──────── TASK INPUTS ────────

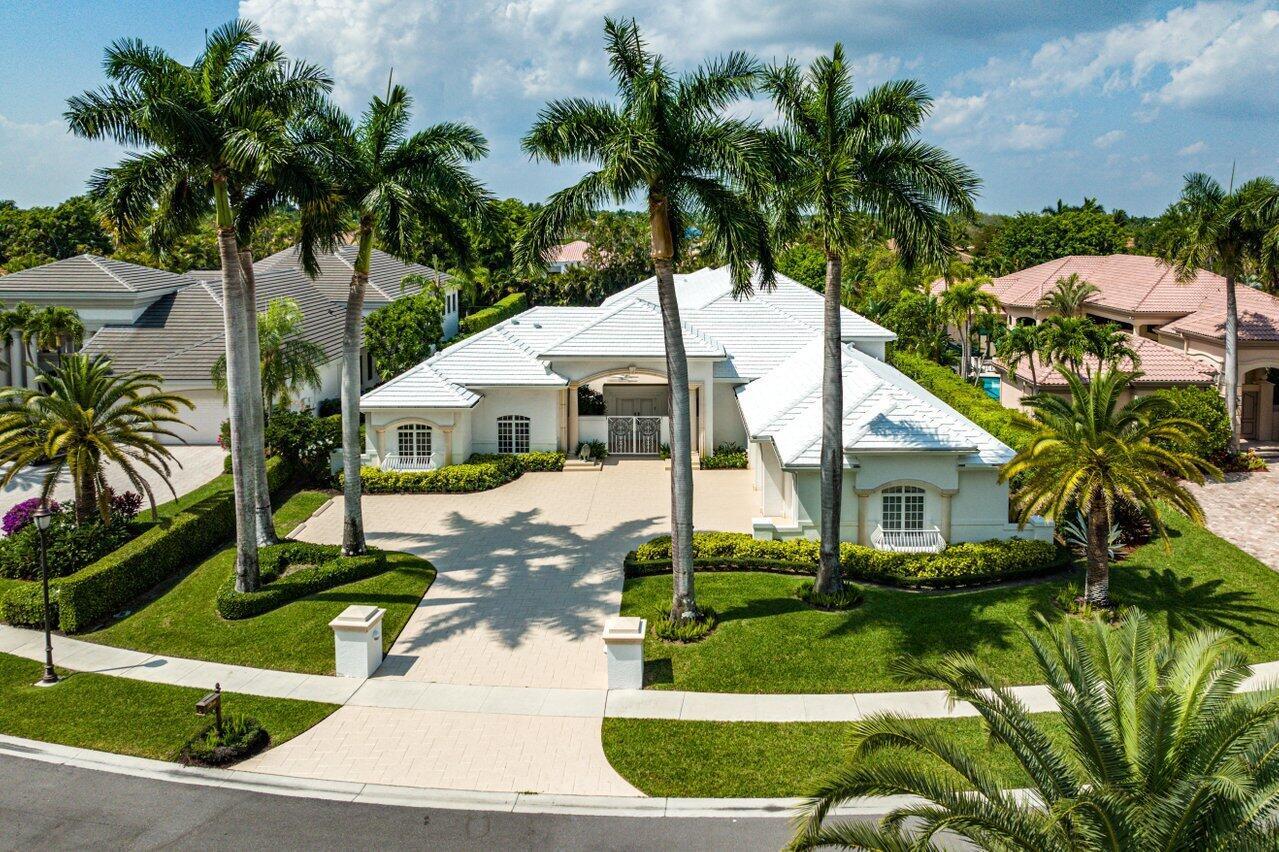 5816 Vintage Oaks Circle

────────
──────── TASK INPUTS ────────

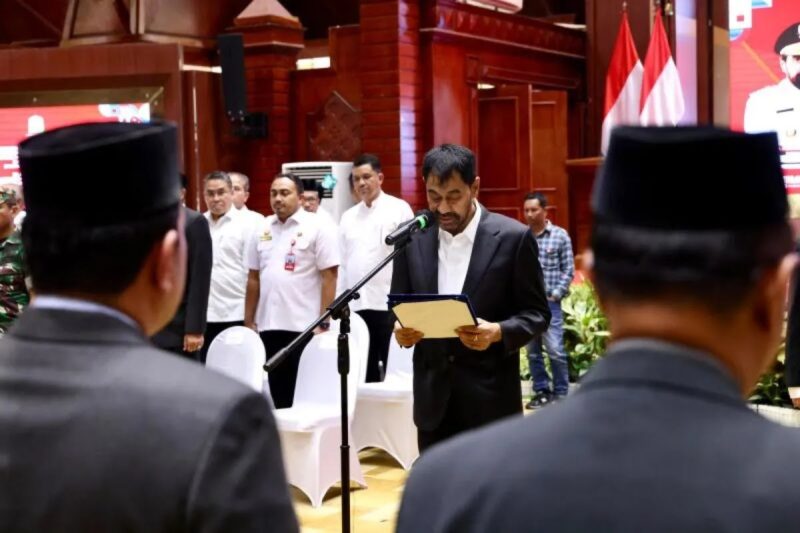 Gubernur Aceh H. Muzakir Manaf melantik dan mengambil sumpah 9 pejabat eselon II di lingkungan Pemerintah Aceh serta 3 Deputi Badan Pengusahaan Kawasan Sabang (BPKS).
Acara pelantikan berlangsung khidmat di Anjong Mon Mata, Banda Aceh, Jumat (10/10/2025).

────────
──────── TASK INPUTS ────────

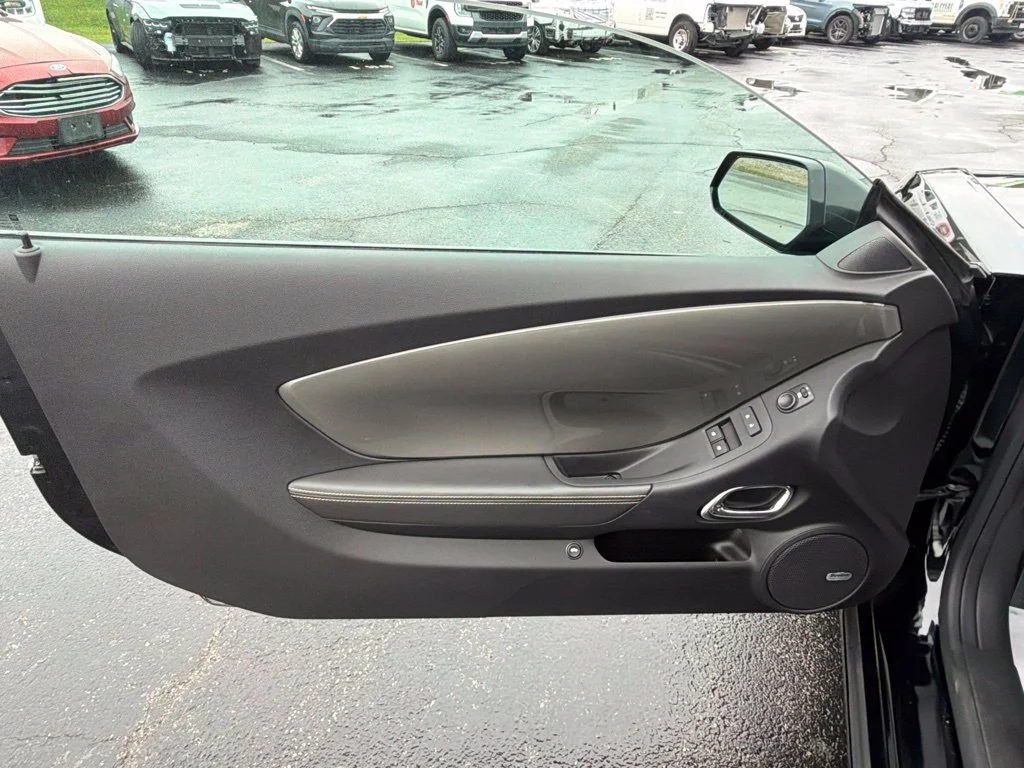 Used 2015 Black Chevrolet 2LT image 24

────────

(WORK TO COMPLETE) The copy should hold exactly the lines above from the one with "Gubernur Aceh H." through the one with "Acara pelantikan berlangsung", both ends counted, and no pictures at all.

(OUTPUT OF THE TASK)
 Gubernur Aceh H. Muzakir Manaf melantik dan mengambil sumpah 9 pejabat eselon II di lingkungan Pemerintah Aceh serta 3 Deputi Badan Pengusahaan Kawasan Sabang (BPKS).
Acara pelantikan berlangsung khidmat di Anjong Mon Mata, Banda Aceh, Jumat (10/10/2025).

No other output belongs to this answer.